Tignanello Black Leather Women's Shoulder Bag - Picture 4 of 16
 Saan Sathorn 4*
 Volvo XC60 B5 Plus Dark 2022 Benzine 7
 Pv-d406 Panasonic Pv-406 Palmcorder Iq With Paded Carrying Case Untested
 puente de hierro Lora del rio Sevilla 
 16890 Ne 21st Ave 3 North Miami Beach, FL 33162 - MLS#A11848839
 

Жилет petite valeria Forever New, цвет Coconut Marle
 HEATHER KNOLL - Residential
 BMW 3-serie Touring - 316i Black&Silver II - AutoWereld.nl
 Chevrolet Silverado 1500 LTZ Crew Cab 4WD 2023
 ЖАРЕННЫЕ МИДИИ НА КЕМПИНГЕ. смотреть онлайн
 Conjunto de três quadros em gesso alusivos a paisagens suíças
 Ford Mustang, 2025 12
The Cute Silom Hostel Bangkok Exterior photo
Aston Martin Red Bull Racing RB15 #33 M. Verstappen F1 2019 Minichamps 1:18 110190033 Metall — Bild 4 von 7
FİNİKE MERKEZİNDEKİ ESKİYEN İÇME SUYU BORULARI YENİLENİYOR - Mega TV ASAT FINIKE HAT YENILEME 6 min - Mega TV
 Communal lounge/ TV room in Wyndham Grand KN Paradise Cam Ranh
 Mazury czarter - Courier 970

○ ○ ○

◆ WHAT THE TASK REQUIRES
Using the data above, transcribe the lines that run from the line with "Volvo XC60 B5 Plus Dark 2022 Benzine 7" to the line with "Aston Martin Red", both ends kept, and output nothing else.

◆ RESULT OF THE EXERCISE
 Volvo XC60 B5 Plus Dark 2022 Benzine 7
 Pv-d406 Panasonic Pv-406 Palmcorder Iq With Paded Carrying Case Untested
 puente de hierro Lora del rio Sevilla 
 16890 Ne 21st Ave 3 North Miami Beach, FL 33162 - MLS#A11848839
 

Жилет petite valeria Forever New, цвет Coconut Marle
 HEATHER KNOLL - Residential
 BMW 3-serie Touring - 316i Black&Silver II - AutoWereld.nl
 Chevrolet Silverado 1500 LTZ Crew Cab 4WD 2023
 ЖАРЕННЫЕ МИДИИ НА КЕМПИНГЕ. смотреть онлайн
 Conjunto de três quadros em gesso alusivos a paisagens suíças
 Ford Mustang, 2025 12
The Cute Silom Hostel Bangkok Exterior photo
Aston Martin Red Bull Racing RB15 #33 M. Verstappen F1 2019 Minichamps 1:18 110190033 Metall — Bild 4 von 7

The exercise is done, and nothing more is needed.